RTMP was initially developed by Macromedia (Adobe) to enable streaming of audio and video between a server and a Flash player and is a TCP-based protocol.

RTSP (Real Time Streaming Protocol) was developed by RealNetworks, Netscape, and Columbia University and is not supported natively by most browsers.

Ideally the solution would enable anyone with a working browser, including smartphones and tablets, to be able to consume the video. A good option is to use HTTP Live Streaming (HLS). HLS was developed by Apple Inc. and according to Wikipedia:

“works by breaking the overall stream into a sequence of small HTTP-based file downloads, each download loading one short chunk of an overall potentially unbounded transport stream. A list of available streams, encoded at different bit rates, is sent to the client using an extended M3U playlist.”

By being based on standard HTTP, it is not being blocked by firewalls or proxys that let standard HTTP traffic go through. The drawback is the relatively high latency compared to other protocols.

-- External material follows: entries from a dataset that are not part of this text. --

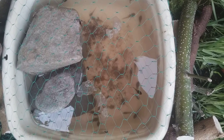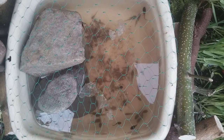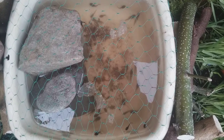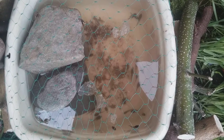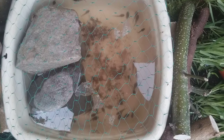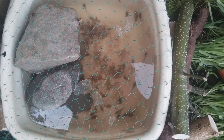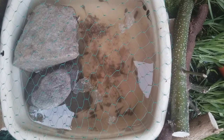The tadpoles have now developed their hind legs and will soon turn into small frogs. At this stage, we've moved them into an outdoor container which has a shallower depth of water and some stones, so that the small baby frogs can crawl onto the stones and breathe more easily.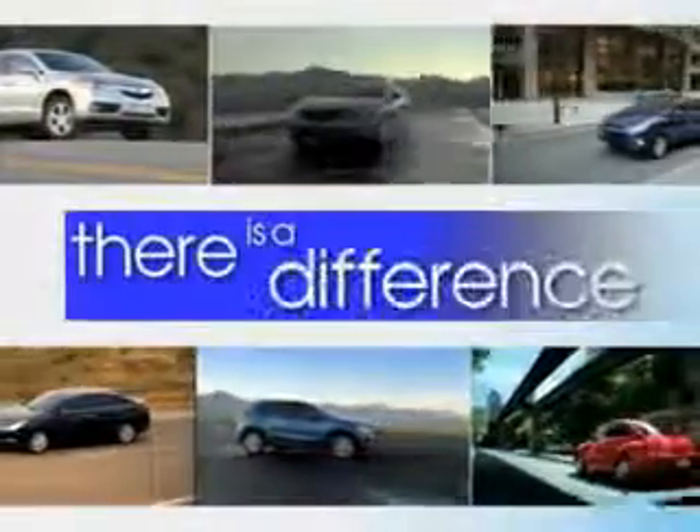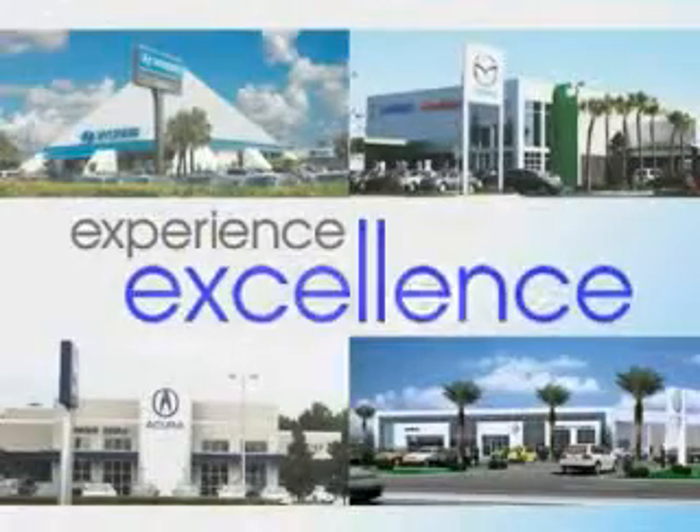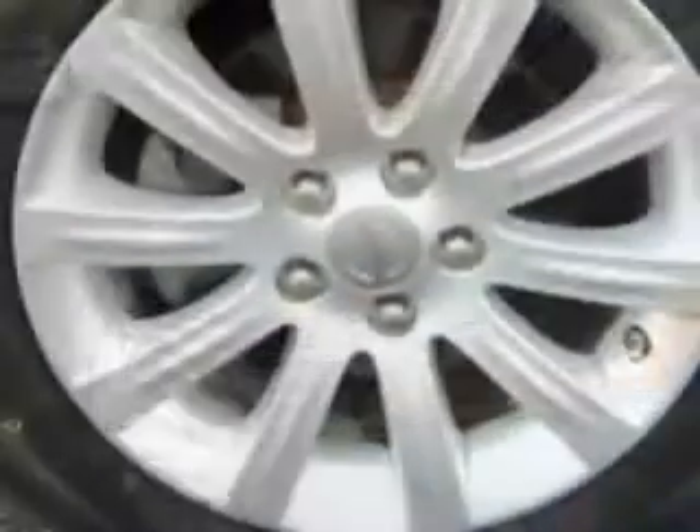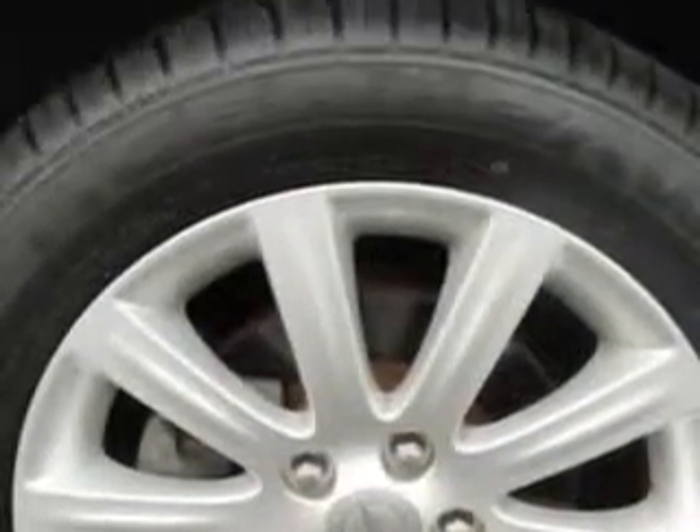When it comes to car buying, there is a difference. Experience excellence at any Jenkins dealership. Check out this Sapphire Crystal Metallic Clear Coat 2011 Chrysler 200, equipped with a 4-cylinder engine and an automatic transmission.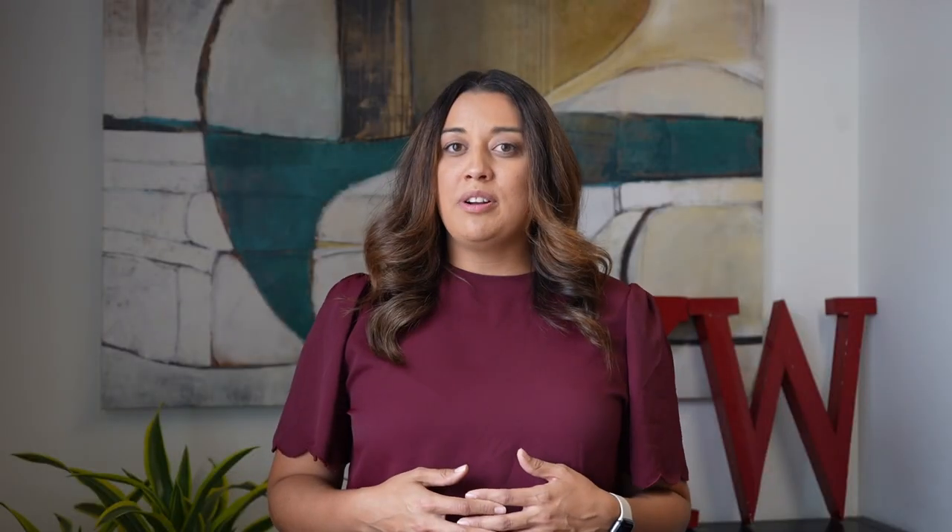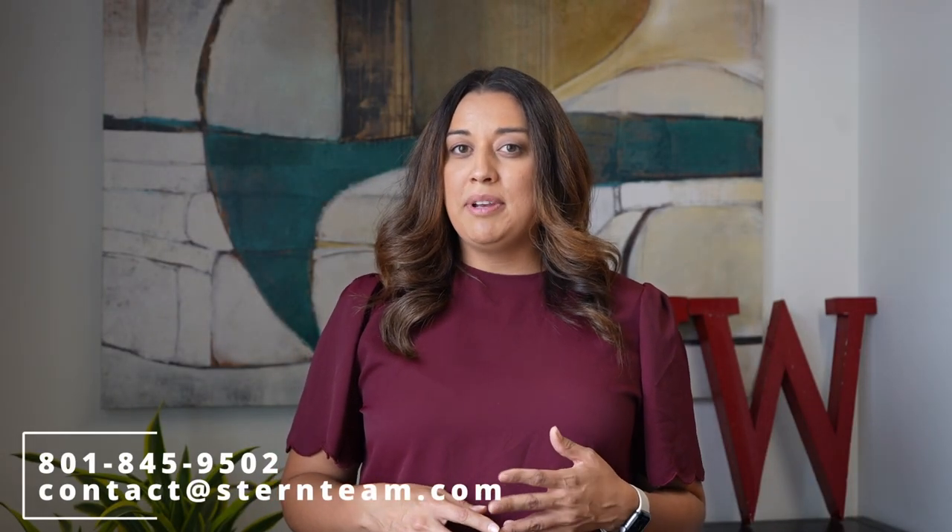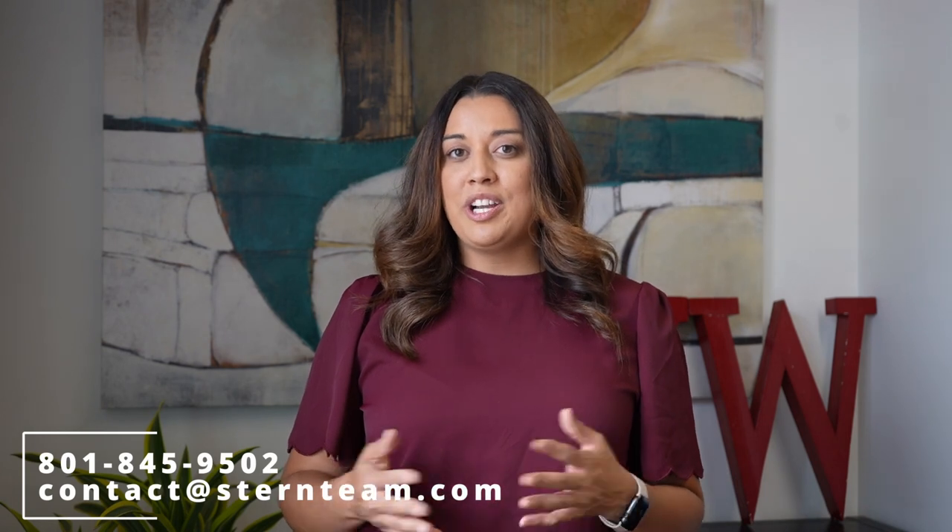If you have any further questions about closing costs or the real estate process, don't hesitate to call, text, or email me. I look forward to talking to you and walking you through the process.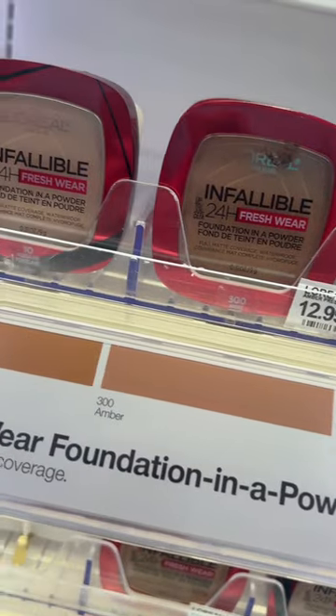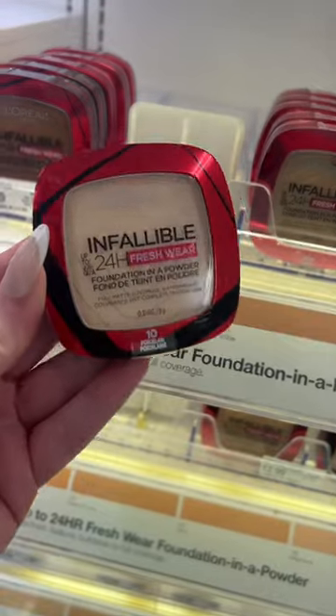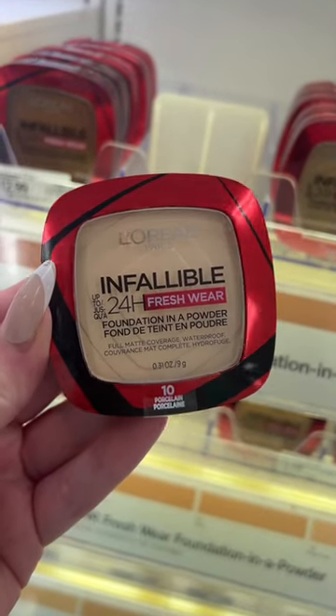And if you haven't tried this L'Oreal Infallible Fresh Wear Foundation Powder, you definitely need to. It sets your skin beautifully without drying you out. Love it.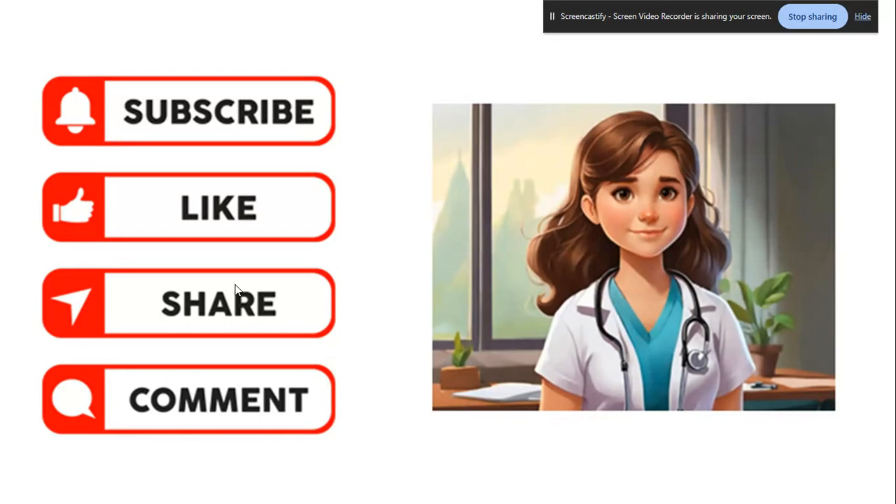That's what you need to know about plantar warts. If you liked this video, please subscribe, like, share, and comment to let me know how you liked it.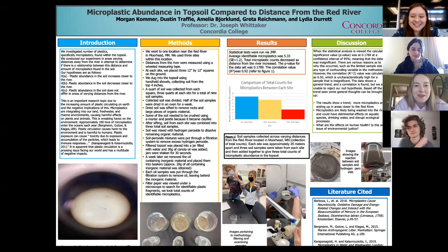Our topic is microplastic abundance in the topsoil compared to distance from the Red River. I'm Morgan Comer. I'm Dustin Traffy. I'm Lydia Durrett. I'm Amelia Yorkland.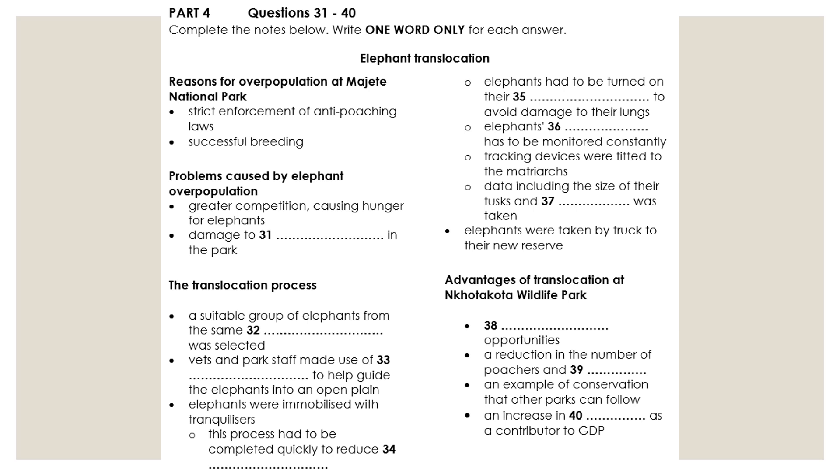To solve this problem, the decision was made to move dozens of elephants from Majeti National Park to Nkotakota Wildlife Park, where there were no elephants. But obviously, attempting to move significant numbers of elephants to a new home 300 kilometres away is quite a challenge. So, how did this translocation process work in practice?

The solution proposed here is to use the RTMP protocol to send the stream form the camera to the cloud and then convert it to HLS using NGINX. If you want to use Apache or another web server to serve the stream this can be done easily.

NGINX has a very nice rtmp module that is perfectly suited for the task. In order to use it we are going to build NGINX with support for it.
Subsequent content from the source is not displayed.